David Matthews is convinced that South African dry red wines are getting sweeter – although their sugar levels remain the same. And he has a possible answer to the paradox.

Anyone with a wine memory going back twenty years or longer cannot fail to have observed that many South African dry red wines are becoming increasingly sweet. To an adherent of red wine which is truly dry on the palate, this is both a problem and something of a mystery: for how can a wine which shows a residual sugar level of less than 2.5 grams per litre (g/l), and is therefore technically classified as extra-dry, taste sweet or sweetish? Where does the sweetness come from if it cannot be from residual sugar?

Conventional wisdom has it that, while alcohol has a sweetish taste, it is not nearly sweet enough to have a significant effect on a wine’s sweetness, nor is glycerol, which is also known to be sweet. If this is so, the question remains unanswered.

To try to better comprehend sweetness in what are technically dry red wines, we should first look briefly at the sensations of taste as a whole. As humans, we perceive four tastes on our tongues: sweet, sour (acidity), salt and bitter. We find all of them unpleasant except for sweetness. Dry red wine contains all of these tastes, in relative proportions that have come over the course of time to define and distinguish it from other alcoholic drinks, including other types of wine.

Although we do not like the taste of bitterness, it is the most interesting and complex of the four tastes to our palates. In red wine, as we know, tannin is the principal source of bitterness and ‘dryness’, and we can understand dry red wine as the deliberate extension of tannin (and its intrinsic element of bitterness) in the wine through to the optimal limit that the counterbalancing components of acidity and sweetness will agreeably permit. The wine should not taste excessively bitter, but the bitterness of the counterbalanced tannin should suffuse it.

It is the taste of tannin, with its complex bitterness and astringency, that most characterises dry red wine and distinguishes it from white wine. It is its heart and essence. It is also an acquired taste and appeals only to the adult palate. The other basic taste components – sweetness and acidity, that is – play a major role in white wine, but in dry red wine they play a more secondary, supportive part, allowing us access to the complex and subtle virtues of tannin through their ability to mask and mitigate its excesses. When this is achieved, with no component dominating the others, the wine is in balance. Should the sweetness exceed the proportion it has historically come to have, it will smother rather than balance the tannin, and the essence of dry red wine is lost.

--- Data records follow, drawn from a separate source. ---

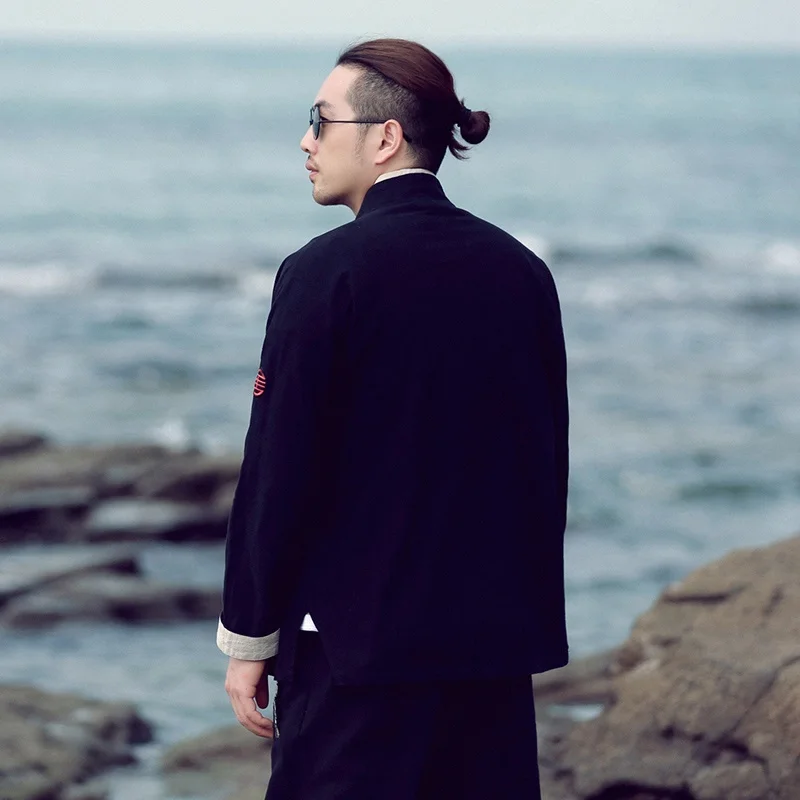 Традиционная китайская одежда для мужчин социальные рубашки мужские одежды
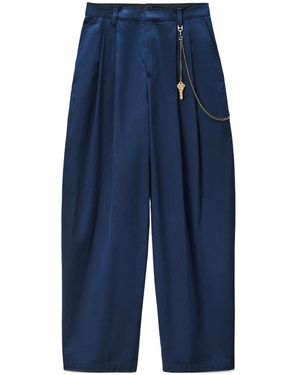Alexander Wang Mid Rise Pleated Pants - Blue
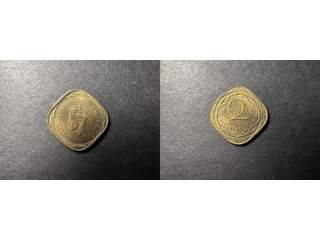 Indien George VI (1936-1947) 2 annas 1943, UNC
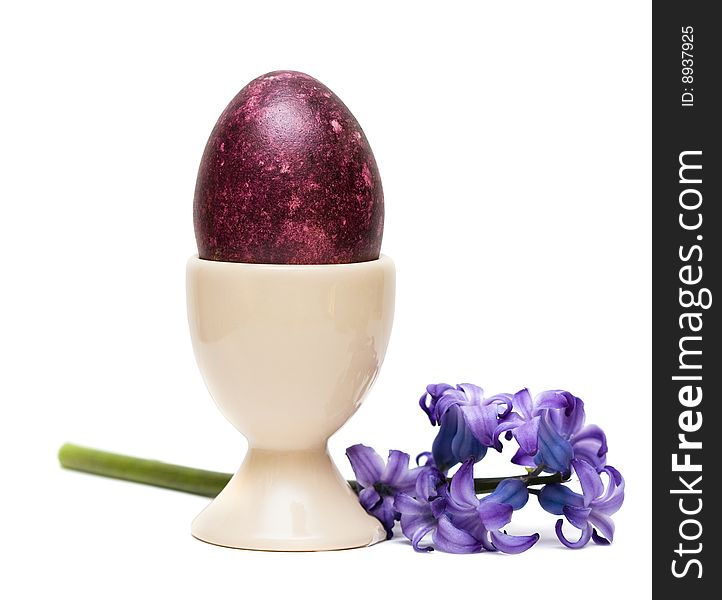 Easter egg with spring flowers. Easter egg with spring flowers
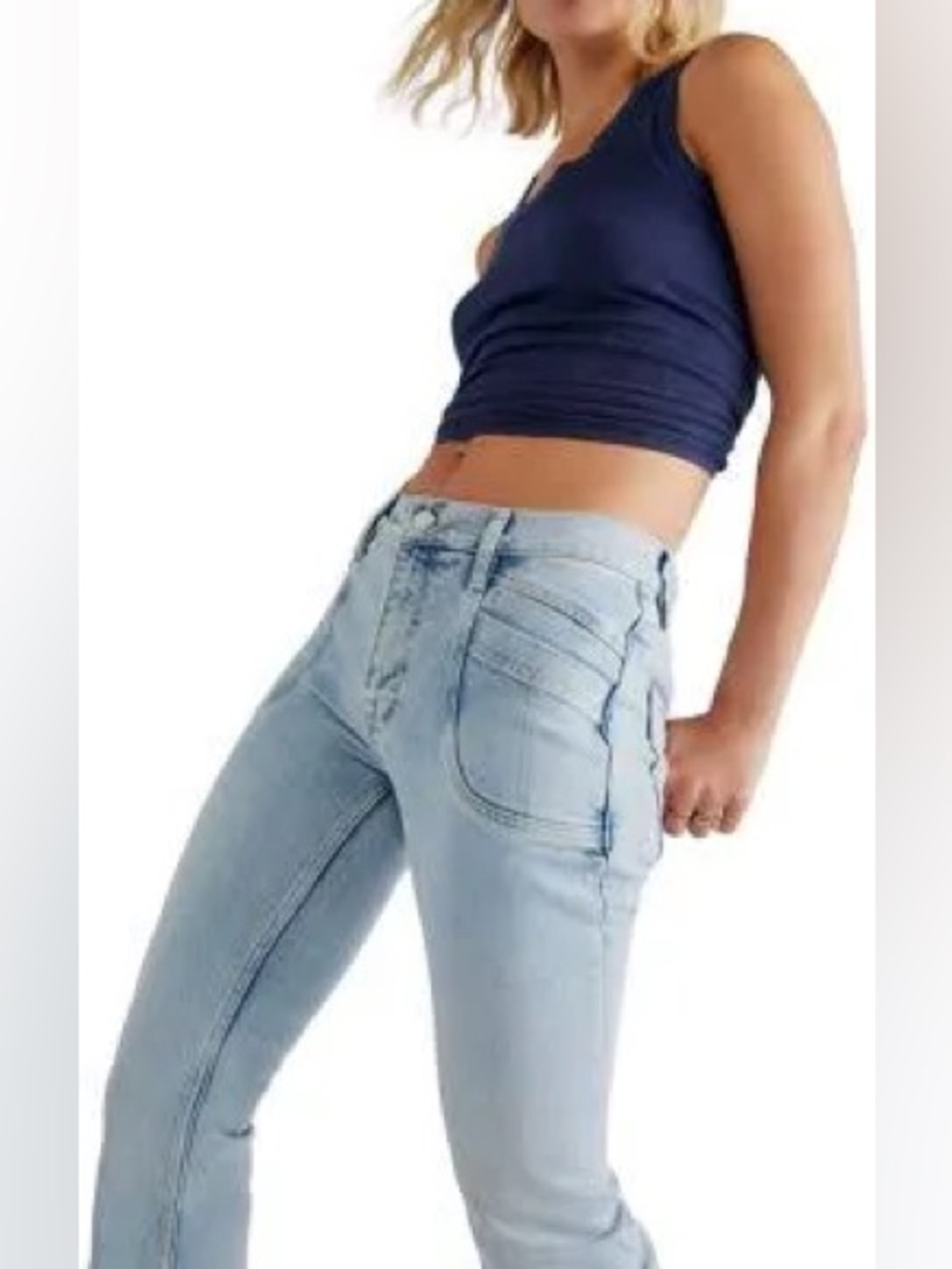 Free People Women's We The Free Aiden Slim Flare Jeans Sz 29 BNWOT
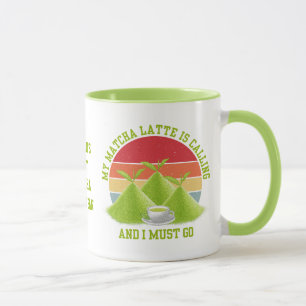 Roligt MATCHA-bergen kallar för Latte Drinker Mugg
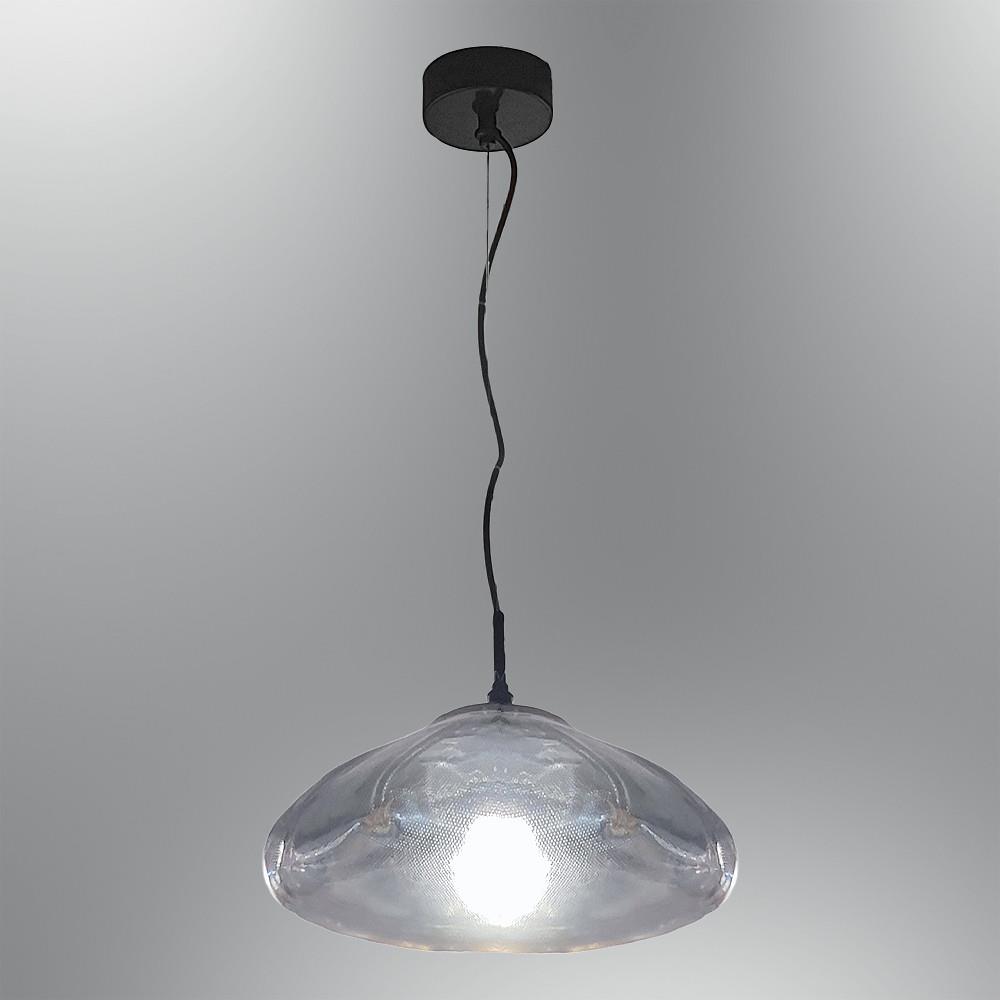 Tekli Metal Petals Siyah Sarkıt Avize 120 cm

As the only taste that we humans naturally like, sweetness has a beguiling and enduring attraction. If one may so categorise tastes, it is an infantile preference in that infants will tolerate no other taste, while a liking for other tastes develops only with experience and time. The attraction of sweetness, however, stays with us for life and we are all susceptible to it in varying degrees. It is this attraction, I believe, that has led to the increasing sweetness in dry red wines, and the concomitant subordination of tannin. I shall look at this contention further, but first we must return to the question of what causes this encroaching sweetness if not the residual sugar.

Alcohol and glycerol

In their search for the ‘essence’ of the grape, many winemakers have chosen in relatively recent times to leave the grapes on the vine until maximum ripeness is attained. This practice has had numerous inevitable oenological consequences. Maximum ripeness means maximum grape sugars that, in turn, mean high alcohol (as long as the sugar is fermented to the limit). It also means high glycerol, the third most abundant component in wine after water and alcohol. This by-product of alcoholic fermentation is almost as sweet as glucose. As noted already, however, the prevailing view is that alcohol and glycerol do not play nearly as important a role in determining sweetness on the palate as residual sugar does.

But something has to be causing the sweetness apparent on many dry wines. Doubting the conventional wisdom, and attempting to establish what this something was, I had four wines alnalysed for alcohol and glycerol. All of them had been previously analysed as having very low sugar levels (1.6, 1.5, 1.5 and 1.8 g/l respectively) and were thus classified as extra dry, but two of them nevertheless had a distinct sweetness on the palate.

The results were interesting. The two wines that tasted dry had an average alcohol level of 12.5% and an average glycerol level of 9 g/l. The two that tasted sweet had an average alcohol level of 14.9% and an average glycerol level of 12.75 g/l. Paradoxically they had the lowest sugar levels of the four. Looking for factors causing palate sweetness, the correlations lay totally in the alcohol and glycerol levels and against the residual sugar.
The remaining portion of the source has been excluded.